Management / #TEISS16: Balancing a smooth customer experience and good cyber security
#TEISS16: Balancing a smooth customer experience and good cyber security
25 February 2016 |
With consumers demanding more than ever from firms both in terms of customer experience and cyber security, it can be difficult to strike a balance between the two.
A panel at The European Information Security Summit 2016 discussed what businesses need to consider when making decisions concerning security and productivity.
BT chief privacy officer Mark Keddie said: "It's fair to say that the relationship between privacy and security has never been more in the headlines in the telecoms business."

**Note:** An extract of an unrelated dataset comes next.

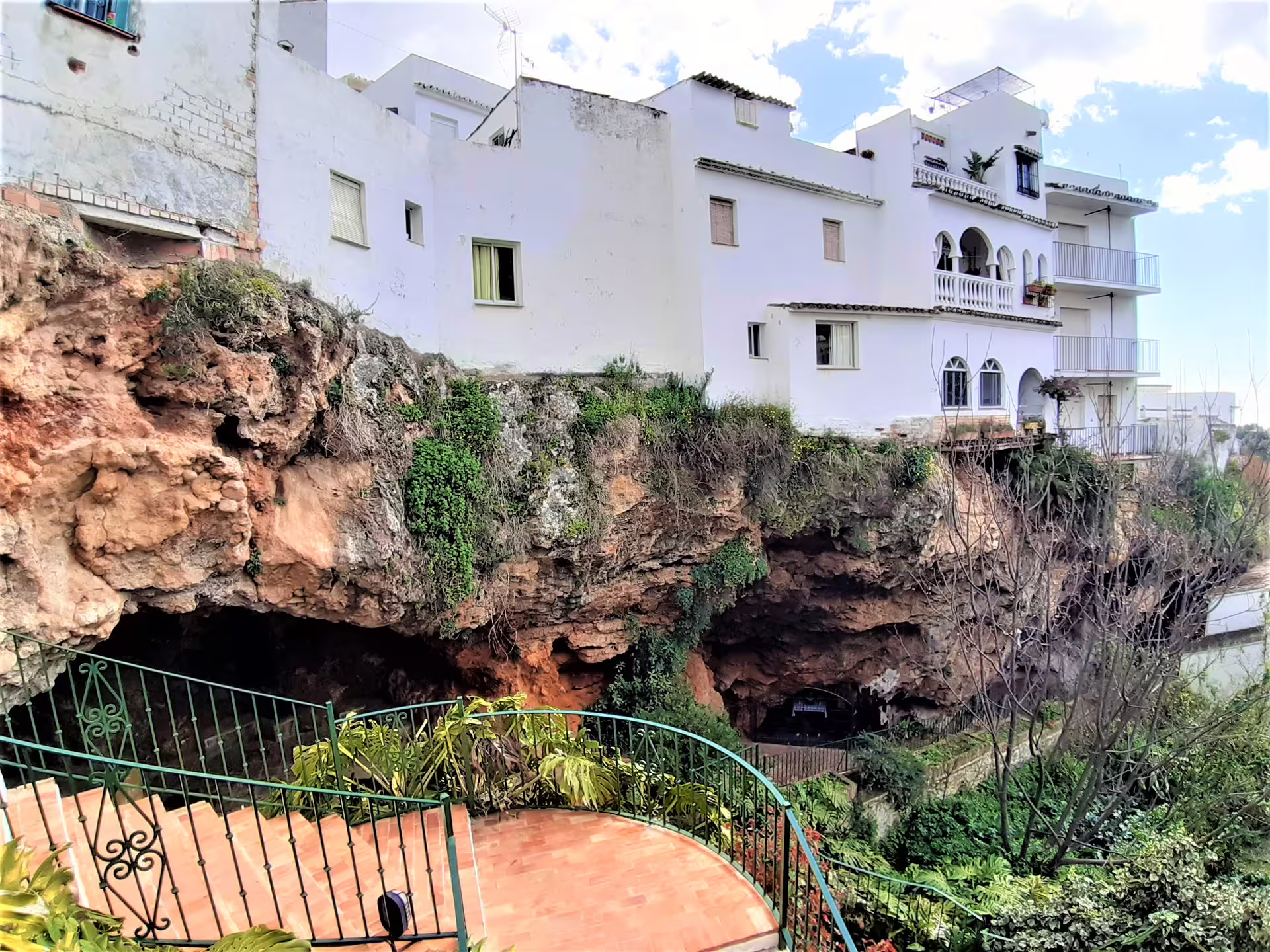 Whitewashed Ojen houses perched above caves, seen on an Ojen private tour from Costa del Sol, Spain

He alluded to the recent cyber attack on TalkTalk, which was just one of a series of breaches at businesses that have exposed customers' information.
Internet service providers (ISPs) are in a special position, he explained, because they capture so much data on individuals' browsing habits and online activity.
"An ISP can build up a picture of your life very quickly," Keddie said.
"You have that freedom to move around the internet and there's a duty to keep that information safe, and that's why recent incidents have made the headlines... It comes with an expectation of reliability, safety and performance."
The financial industry also processes large quantities of sensitive customer data.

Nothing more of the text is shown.